Data representation varies across programming languages, but concepts like tables and matrices provide a common framework. This article explores how tables, matrices, and data types relate, using examples from Golang, JavaScript, and other languages.
Data Representation in Different Programming Languages
| Table/Matrix | Object | Property |
|---|---|---|
| Golang | Struct | Array/Slice |
| Python | List | Array |
| JSON | Object | Array |
| Database | Document/Row | Column |
| Abstract | Row | Column |
| Data Type | Different Type | Same Type |
The Relationship Between Tables, Data, and Lists
A table, like a CSV file, is a collection of rows and columns. In Python, a list can contain mixed types, representing a row. Arrays, with uniform types, represent columns.
A table is a list of lists: each inner list is a row (potentially mixed types), and columns are arrays of the same type.
From a column perspective, a table is multiple arrays. From a row perspective, it’s multiple lists.
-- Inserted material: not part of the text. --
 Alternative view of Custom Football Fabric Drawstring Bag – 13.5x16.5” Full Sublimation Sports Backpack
A 2D table can be seen as a 2D matrix, essentially multiple similar objects with different attributes.
Examples in Code
Golang: Structs and Slices
In Go, use structs for rows and slices for collections.
type Person struct {
Name string
Age int
}
var table []Person // Slice of structs, like a table
table = append(table, Person{"Alice", 30})
table = append(table, Person{"Bob", 25})
JavaScript: Objects and Arrays
In JS, use objects for rows and arrays for tables.
const table = [
{ name: "Alice", age: 30 },
{ name: "Bob", age: 25 }
];
JSON: Objects and Arrays
JSON represents tables as arrays of objects.
[
{ "name": "Alice", "age": 30 },
{ "name": "Bob", "age": 25 }
]
Important Points
- Matrices: 2D arrays where all elements are the same type, suitable for numerical data.
- Tables: More flexible, allowing mixed types per row, like databases.
- Data Types: Strongly typed languages (e.g., Go) enforce types; dynamically typed (e.g., JS) allow flexibility.
- Performance: Arrays are efficient for same-type data; objects/structs for structured data.
- Use Cases: Use matrices for math; tables for data processing.
Conclusion
Understanding these representations helps choose the right data structure for your language and task.